***** PROVIDED MATERIAL

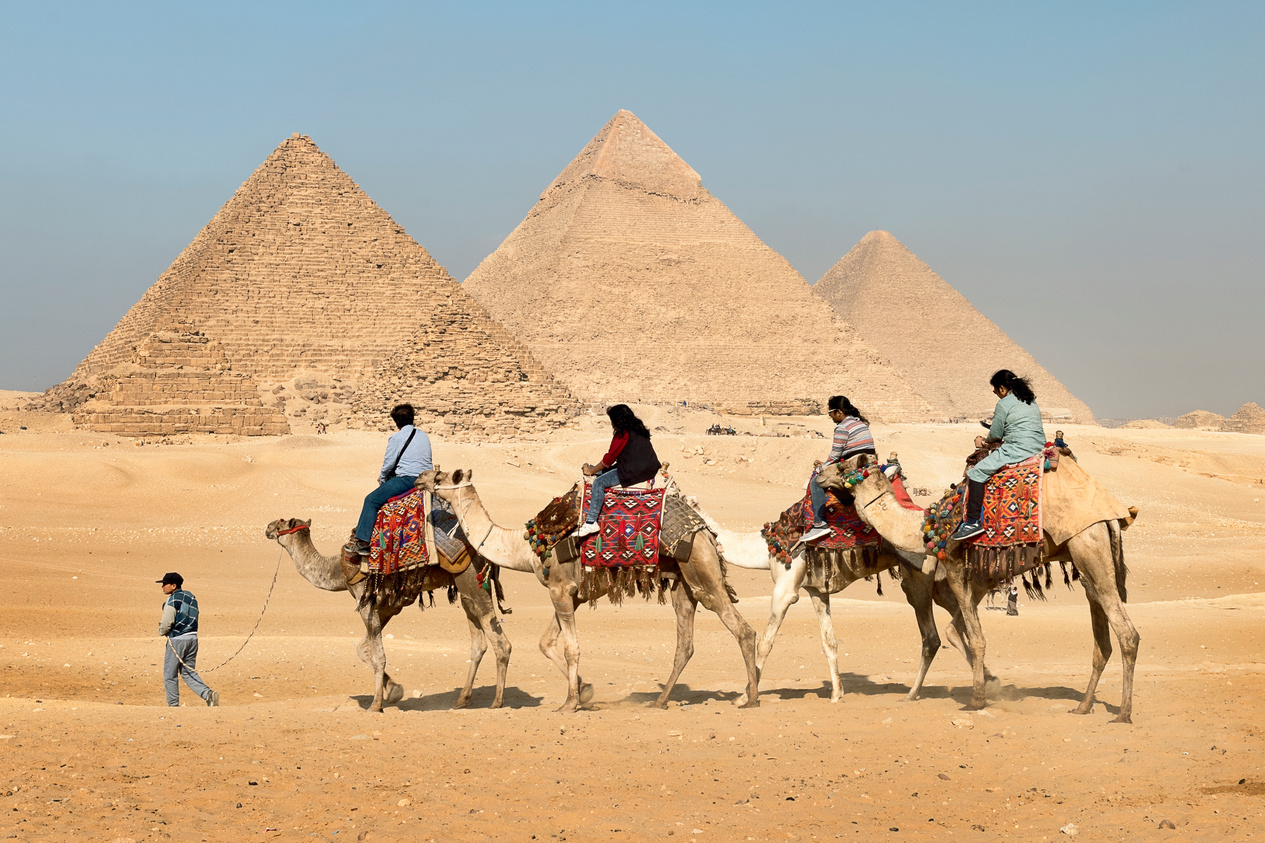 Four People Riding on Camels Across the Pyramids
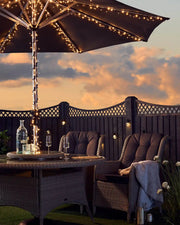 Outdoor patio setting with warm white fairy lights on umbrella, table, and chairs against a sunset sky.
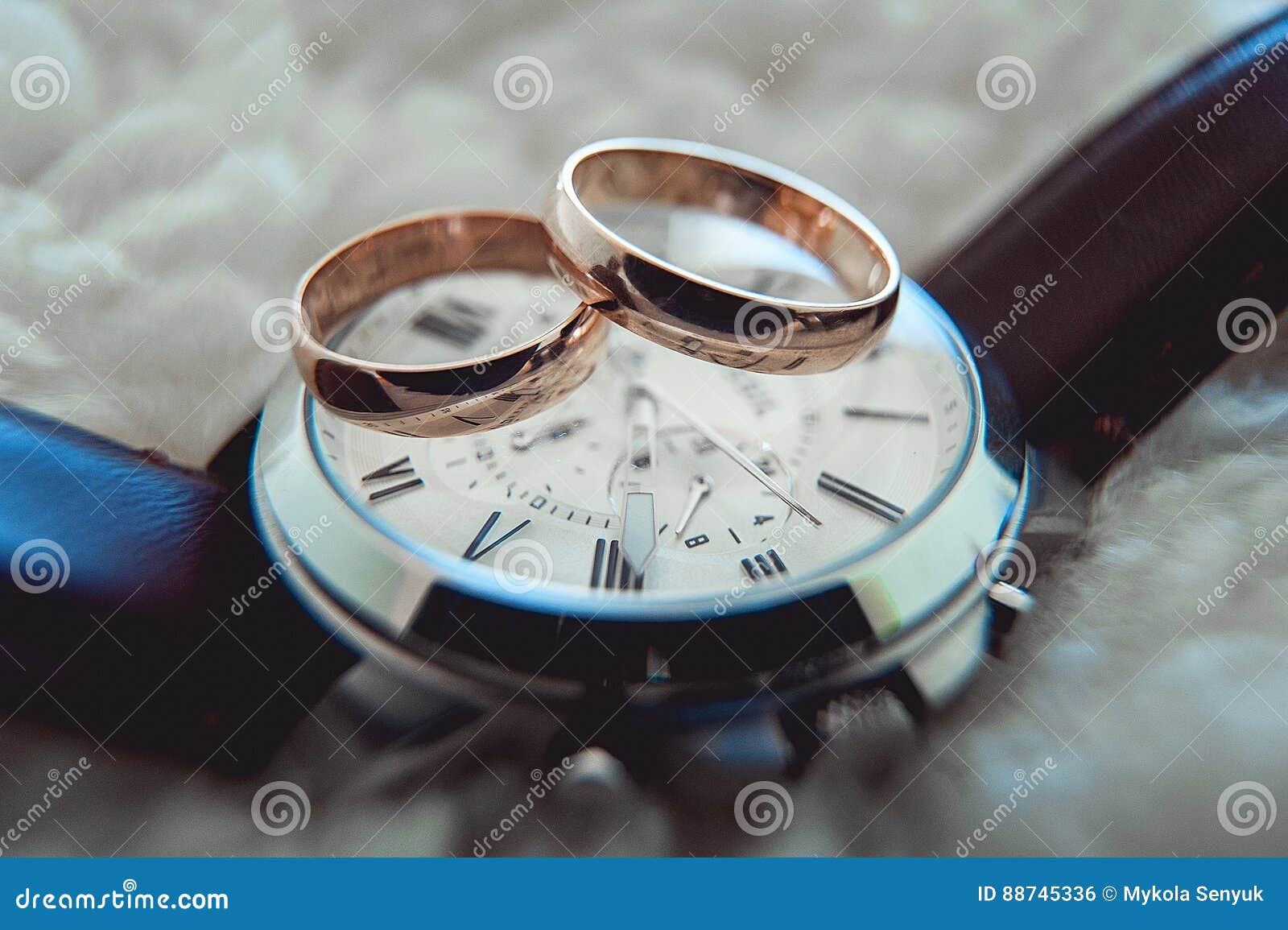 Two Golden Wedding Rings on Watch with Brown Strap Stock Photo Image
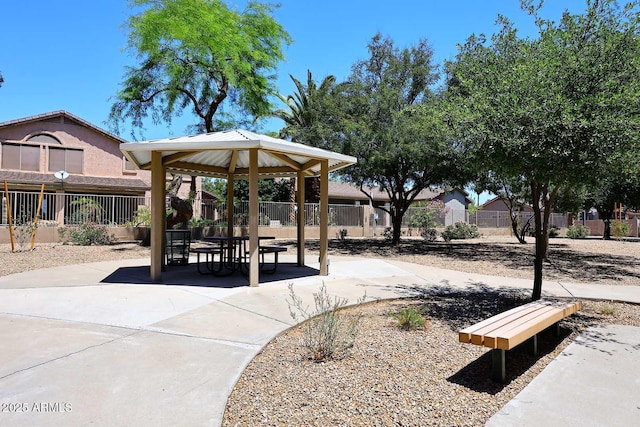 view of property's community featuring a gazebo, fence, and a patio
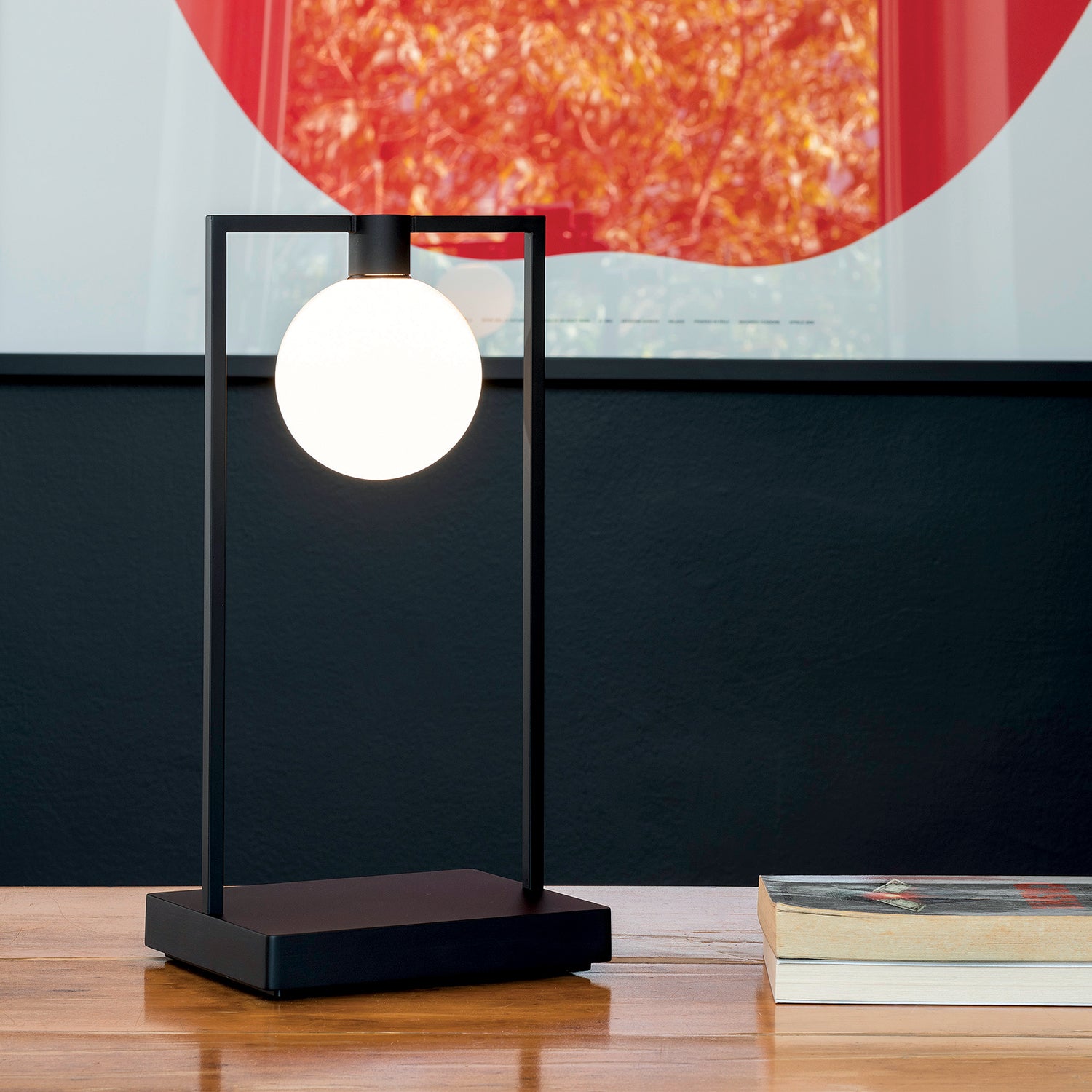Artemide Curiosity 36 Sphere Portable Table Lamp on a table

**********

- **WORK INSTRUCTION**: What is needed is a verbatim copy of every entry, with the pictures omitted.

- **RESULT BELOW**:
 Four People Riding on Camels Across the Pyramids
 Outdoor patio setting with warm white fairy lights on umbrella, table, and chairs against a sunset sky.
 Two Golden Wedding Rings on Watch with Brown Strap Stock Photo Image
 view of property's community featuring a gazebo, fence, and a patio
Artemide Curiosity 36 Sphere Portable Table Lamp on a table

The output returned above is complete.